We learned that a team of health services researchers at Dartmouth College recently published a study in the Journal of Patient Safety using an early research version of Cyft to detect falls in inpatient notes.  No one on their research team is a data scientist and using a relatively small sample size they outperformed previous efforts at this task by a considerable margin.  They completely excluded us from the work – not even asking for our advice.

Why is this a best case scenario for us?

What if every quality improvement, research, case management, or clinical operations team could use all of their data – from claims to free text – to identify exactly which patients are at risk?  What if they could do it quickly, without teams of data scientists, and for an unlimited number of very specific applications (like falls) based on their own highest priorities?   The positive impact on healthcare would be substantial and widespread.  That’s been the goal of our research for years and now as Cyft, we’re providing the software to healthcare organizations to make it a reality.

Here are some highlights as to how this brings us one step closer to all of healthcare being able to capitalize on these approaches:

1) No one on the study team has data science experience.  

Machine learning + natural language processing are new to healthcare and so everyone assumes that benefitting from these technologies requires engaging in long term consulting deals or purchasing multi-million $ software packages that offer prescriptive, pre-fabricated models focused on what others’ think matters.  We believe these technologies will only reach their full potential when they’re accessible to everyone.   The fact that a team of psychiatrists and health services researchers executed this study without the help of data scientists is an important step in the right direction. 

 

2) Despite no data scientists on the team, they outperformed previous research efforts.

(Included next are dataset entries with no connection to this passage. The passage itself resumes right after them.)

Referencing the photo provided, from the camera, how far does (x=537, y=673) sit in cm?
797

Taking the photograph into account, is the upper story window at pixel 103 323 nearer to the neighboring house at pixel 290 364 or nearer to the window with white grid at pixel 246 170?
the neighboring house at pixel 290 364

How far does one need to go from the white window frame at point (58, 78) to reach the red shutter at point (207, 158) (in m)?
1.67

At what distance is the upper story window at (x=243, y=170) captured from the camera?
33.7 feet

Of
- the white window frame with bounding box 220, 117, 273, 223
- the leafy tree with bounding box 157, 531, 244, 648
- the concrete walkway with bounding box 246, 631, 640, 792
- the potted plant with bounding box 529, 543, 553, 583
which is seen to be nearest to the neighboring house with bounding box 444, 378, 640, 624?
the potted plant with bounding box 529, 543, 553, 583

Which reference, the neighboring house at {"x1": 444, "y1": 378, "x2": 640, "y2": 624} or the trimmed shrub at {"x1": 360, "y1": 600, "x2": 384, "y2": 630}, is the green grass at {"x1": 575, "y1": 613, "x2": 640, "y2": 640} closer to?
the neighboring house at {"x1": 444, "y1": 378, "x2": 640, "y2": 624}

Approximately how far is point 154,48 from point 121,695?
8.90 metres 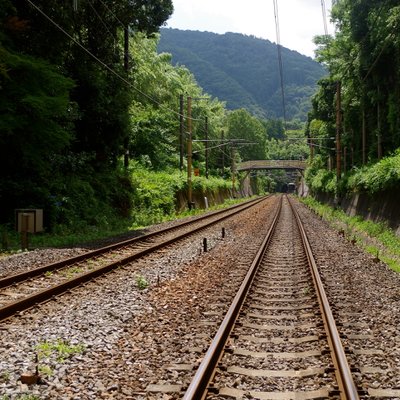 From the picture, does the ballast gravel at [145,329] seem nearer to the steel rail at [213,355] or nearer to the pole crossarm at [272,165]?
the steel rail at [213,355]

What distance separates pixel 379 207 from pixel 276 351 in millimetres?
20549

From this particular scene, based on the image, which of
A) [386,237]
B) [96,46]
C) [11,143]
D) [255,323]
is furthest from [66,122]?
[255,323]

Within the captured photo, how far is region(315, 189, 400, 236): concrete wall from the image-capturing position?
2198 centimetres

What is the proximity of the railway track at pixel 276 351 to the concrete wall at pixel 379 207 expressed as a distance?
12196mm

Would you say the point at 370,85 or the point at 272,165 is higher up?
Answer: the point at 370,85

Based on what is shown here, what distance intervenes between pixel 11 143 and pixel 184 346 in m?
14.8

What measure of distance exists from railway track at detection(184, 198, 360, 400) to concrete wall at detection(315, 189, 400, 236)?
12196 mm

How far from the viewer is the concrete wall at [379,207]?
2198cm

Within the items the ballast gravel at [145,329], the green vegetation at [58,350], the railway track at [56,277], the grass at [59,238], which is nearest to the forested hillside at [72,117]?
the grass at [59,238]

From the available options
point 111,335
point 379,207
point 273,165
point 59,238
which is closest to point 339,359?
point 111,335

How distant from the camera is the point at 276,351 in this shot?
6.38m

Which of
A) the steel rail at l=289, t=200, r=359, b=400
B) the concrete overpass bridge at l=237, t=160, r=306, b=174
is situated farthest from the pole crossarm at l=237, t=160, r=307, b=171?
the steel rail at l=289, t=200, r=359, b=400

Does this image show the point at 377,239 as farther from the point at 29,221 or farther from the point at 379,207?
the point at 29,221

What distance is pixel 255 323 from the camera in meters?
7.70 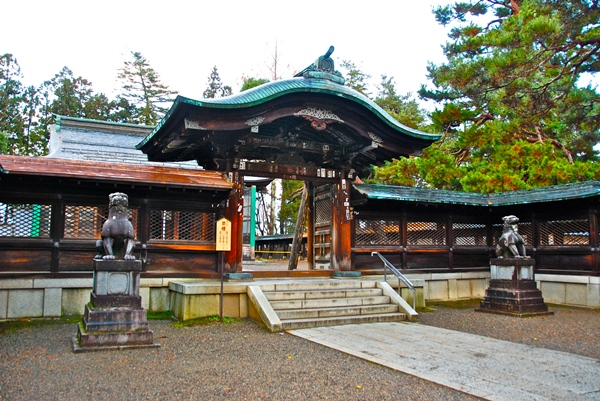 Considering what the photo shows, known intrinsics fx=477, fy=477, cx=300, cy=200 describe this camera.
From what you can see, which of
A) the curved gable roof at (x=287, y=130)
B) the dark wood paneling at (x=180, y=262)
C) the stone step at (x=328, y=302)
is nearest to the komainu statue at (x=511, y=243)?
the curved gable roof at (x=287, y=130)

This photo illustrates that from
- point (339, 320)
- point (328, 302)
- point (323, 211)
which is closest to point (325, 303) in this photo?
point (328, 302)

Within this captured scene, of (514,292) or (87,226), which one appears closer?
(87,226)

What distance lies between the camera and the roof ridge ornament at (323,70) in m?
10.9

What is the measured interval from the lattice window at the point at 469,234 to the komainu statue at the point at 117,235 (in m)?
9.65

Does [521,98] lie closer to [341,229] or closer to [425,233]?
[425,233]

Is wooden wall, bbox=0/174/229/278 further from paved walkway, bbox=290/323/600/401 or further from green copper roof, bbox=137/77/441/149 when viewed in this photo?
paved walkway, bbox=290/323/600/401

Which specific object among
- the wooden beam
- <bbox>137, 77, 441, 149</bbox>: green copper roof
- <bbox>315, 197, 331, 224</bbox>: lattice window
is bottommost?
<bbox>315, 197, 331, 224</bbox>: lattice window

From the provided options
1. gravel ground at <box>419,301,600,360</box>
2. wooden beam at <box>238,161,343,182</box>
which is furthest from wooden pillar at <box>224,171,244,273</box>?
gravel ground at <box>419,301,600,360</box>

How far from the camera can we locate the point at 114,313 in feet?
23.6

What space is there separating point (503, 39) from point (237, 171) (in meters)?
7.37

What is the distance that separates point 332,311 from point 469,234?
684 centimetres

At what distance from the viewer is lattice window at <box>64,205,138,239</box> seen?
33.5ft

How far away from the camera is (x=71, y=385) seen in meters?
5.23

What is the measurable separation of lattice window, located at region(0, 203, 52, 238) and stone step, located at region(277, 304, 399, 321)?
525cm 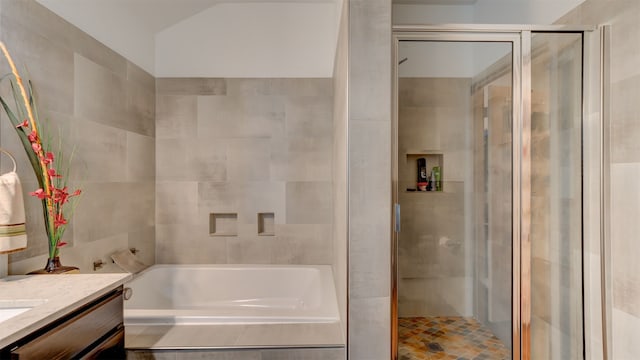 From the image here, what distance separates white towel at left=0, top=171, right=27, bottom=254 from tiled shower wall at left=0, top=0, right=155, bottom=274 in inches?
7.1

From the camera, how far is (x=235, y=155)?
113 inches

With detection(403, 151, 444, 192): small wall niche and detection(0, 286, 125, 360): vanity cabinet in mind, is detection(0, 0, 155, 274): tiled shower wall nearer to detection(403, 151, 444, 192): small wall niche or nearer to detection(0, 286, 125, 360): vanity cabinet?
detection(0, 286, 125, 360): vanity cabinet

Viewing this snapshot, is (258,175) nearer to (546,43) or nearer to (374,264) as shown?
(374,264)

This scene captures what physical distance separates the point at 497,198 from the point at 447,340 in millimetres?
744

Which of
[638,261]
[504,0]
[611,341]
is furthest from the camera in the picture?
[504,0]

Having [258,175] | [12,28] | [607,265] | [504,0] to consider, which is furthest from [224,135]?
[607,265]

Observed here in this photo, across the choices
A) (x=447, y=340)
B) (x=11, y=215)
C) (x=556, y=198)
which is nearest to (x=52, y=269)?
(x=11, y=215)

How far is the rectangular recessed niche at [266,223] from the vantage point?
2.91m

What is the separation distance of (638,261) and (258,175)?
7.71 ft

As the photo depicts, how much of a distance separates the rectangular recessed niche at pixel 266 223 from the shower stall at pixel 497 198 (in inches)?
58.0

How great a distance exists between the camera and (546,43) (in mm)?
1745

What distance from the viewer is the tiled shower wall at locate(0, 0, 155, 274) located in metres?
1.65

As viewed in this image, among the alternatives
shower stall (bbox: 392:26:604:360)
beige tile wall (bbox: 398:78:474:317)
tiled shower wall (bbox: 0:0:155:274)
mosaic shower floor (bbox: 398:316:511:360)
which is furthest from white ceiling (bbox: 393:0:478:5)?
mosaic shower floor (bbox: 398:316:511:360)

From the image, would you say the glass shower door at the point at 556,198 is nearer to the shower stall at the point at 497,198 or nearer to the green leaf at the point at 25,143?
the shower stall at the point at 497,198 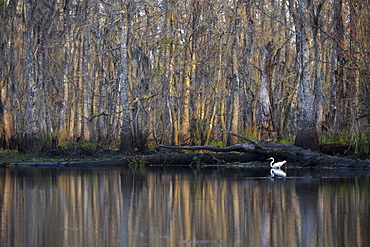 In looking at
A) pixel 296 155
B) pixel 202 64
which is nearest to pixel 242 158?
pixel 296 155

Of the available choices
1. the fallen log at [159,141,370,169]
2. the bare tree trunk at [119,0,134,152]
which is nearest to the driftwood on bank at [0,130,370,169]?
the fallen log at [159,141,370,169]

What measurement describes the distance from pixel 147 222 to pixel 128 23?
23.1 metres

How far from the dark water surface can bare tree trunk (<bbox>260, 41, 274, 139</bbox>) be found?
45.9 ft

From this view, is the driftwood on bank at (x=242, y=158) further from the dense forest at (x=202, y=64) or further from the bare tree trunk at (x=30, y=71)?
the bare tree trunk at (x=30, y=71)

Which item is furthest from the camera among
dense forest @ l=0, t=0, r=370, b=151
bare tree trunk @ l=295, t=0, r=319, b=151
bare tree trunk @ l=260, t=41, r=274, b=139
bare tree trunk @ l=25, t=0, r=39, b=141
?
bare tree trunk @ l=25, t=0, r=39, b=141

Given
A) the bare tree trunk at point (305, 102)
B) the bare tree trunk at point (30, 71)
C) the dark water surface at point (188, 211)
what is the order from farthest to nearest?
the bare tree trunk at point (30, 71)
the bare tree trunk at point (305, 102)
the dark water surface at point (188, 211)

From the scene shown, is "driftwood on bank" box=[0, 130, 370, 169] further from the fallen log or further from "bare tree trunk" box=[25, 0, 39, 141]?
"bare tree trunk" box=[25, 0, 39, 141]

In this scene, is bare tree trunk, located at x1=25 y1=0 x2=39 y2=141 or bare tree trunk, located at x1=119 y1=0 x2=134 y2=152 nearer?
bare tree trunk, located at x1=119 y1=0 x2=134 y2=152

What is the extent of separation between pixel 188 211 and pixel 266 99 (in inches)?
860

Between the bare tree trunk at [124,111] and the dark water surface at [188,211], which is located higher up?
the bare tree trunk at [124,111]

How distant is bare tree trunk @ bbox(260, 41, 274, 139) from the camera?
3157cm

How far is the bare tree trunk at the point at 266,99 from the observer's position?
104 feet

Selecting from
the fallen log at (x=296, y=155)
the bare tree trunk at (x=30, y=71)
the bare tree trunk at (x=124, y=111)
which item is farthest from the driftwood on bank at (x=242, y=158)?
the bare tree trunk at (x=30, y=71)

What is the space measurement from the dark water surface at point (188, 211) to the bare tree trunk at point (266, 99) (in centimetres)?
1398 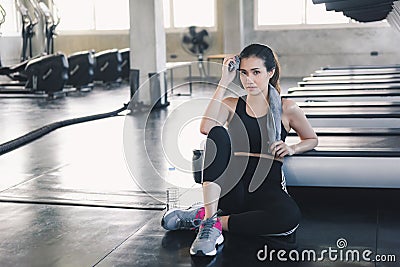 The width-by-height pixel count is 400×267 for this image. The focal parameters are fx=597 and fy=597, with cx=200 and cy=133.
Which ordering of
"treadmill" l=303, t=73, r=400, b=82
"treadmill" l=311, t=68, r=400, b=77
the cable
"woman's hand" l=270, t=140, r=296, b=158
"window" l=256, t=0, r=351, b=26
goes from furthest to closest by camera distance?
"window" l=256, t=0, r=351, b=26 → "treadmill" l=311, t=68, r=400, b=77 → "treadmill" l=303, t=73, r=400, b=82 → the cable → "woman's hand" l=270, t=140, r=296, b=158

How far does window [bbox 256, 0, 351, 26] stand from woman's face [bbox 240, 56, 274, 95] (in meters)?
11.2

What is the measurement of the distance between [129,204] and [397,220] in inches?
59.7

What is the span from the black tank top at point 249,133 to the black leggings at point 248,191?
51 mm

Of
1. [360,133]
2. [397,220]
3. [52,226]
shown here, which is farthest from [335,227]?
[52,226]

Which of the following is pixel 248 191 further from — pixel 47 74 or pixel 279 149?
A: pixel 47 74

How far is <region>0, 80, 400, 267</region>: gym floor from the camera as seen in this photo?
104 inches

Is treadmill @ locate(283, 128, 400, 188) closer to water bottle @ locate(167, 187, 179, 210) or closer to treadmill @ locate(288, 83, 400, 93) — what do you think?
water bottle @ locate(167, 187, 179, 210)

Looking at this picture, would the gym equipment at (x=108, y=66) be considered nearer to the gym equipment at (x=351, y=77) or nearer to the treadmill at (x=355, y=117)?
the gym equipment at (x=351, y=77)

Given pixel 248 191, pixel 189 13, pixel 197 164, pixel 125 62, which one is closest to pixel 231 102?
pixel 248 191

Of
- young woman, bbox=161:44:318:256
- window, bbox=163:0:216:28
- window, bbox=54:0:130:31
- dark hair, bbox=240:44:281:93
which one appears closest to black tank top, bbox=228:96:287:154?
young woman, bbox=161:44:318:256

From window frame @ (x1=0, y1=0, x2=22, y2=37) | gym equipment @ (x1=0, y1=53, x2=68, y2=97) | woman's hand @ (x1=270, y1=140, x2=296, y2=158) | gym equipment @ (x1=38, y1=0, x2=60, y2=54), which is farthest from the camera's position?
window frame @ (x1=0, y1=0, x2=22, y2=37)

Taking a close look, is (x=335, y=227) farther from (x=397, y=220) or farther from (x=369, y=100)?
(x=369, y=100)

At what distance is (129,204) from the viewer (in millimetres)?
3559

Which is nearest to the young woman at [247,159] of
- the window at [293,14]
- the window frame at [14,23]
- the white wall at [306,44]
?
the white wall at [306,44] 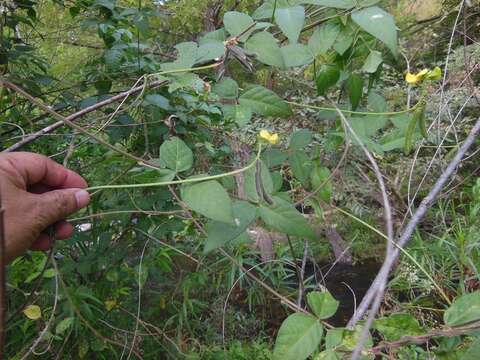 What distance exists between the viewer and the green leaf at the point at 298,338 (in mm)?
508

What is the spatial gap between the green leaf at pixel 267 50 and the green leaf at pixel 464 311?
425 millimetres

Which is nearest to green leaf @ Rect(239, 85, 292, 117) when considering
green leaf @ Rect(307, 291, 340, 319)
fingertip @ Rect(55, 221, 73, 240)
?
green leaf @ Rect(307, 291, 340, 319)

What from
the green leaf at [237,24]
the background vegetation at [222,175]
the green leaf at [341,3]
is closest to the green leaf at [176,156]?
the background vegetation at [222,175]

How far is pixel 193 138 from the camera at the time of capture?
138 cm

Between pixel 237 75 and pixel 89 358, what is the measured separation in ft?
6.26

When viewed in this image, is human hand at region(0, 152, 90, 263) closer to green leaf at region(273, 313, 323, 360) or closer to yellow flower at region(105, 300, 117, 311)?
green leaf at region(273, 313, 323, 360)

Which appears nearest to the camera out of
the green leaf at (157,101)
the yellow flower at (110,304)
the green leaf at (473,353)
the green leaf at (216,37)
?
the green leaf at (473,353)

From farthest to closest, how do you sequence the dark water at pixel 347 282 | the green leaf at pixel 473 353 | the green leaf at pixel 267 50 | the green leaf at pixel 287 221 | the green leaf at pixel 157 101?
the dark water at pixel 347 282 → the green leaf at pixel 157 101 → the green leaf at pixel 267 50 → the green leaf at pixel 287 221 → the green leaf at pixel 473 353

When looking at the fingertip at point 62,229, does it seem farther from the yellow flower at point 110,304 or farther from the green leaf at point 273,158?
the yellow flower at point 110,304

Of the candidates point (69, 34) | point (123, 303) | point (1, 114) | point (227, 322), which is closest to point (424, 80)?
point (1, 114)

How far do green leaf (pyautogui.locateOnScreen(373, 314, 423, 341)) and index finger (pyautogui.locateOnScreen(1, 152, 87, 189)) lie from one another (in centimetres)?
68

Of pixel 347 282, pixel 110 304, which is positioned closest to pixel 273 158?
pixel 110 304

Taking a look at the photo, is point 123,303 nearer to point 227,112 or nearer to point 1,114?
point 1,114

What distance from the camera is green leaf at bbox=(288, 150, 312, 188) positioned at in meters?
0.82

Shiner at al. weren’t the first to try to find falls in free text progress reports.  They report that Toyabe in 2012 achieved an F-measure of .12, “whereas our best performing algorithm achieved an f-measure of .67” a 5x improvement in accuracy.*  

So how did Shiner et al improve so dramatically over what had been done in the past?  And how did they know which was the “best performing algorithm?”

Cyft builds hundreds of models using millions of datapoints and it measures its own performance by running real empirical experiments against historical data.  It does this by blinding itself to some of the answers using a method called cross validation and returns results in terms of a number of standard statistics including recall, precision, F-measure, AU-ROC (or c-stat), sensitivity, and specificity.  

As was the case here, the results of a Cyft experiment can be submitted for peer review.  We think this is greatly preferred to simply accepting that a model build elsewhere on others’ populations will perform exactly the same in all institutions on all challenges.

3) The researchers’ sample sizes were really small.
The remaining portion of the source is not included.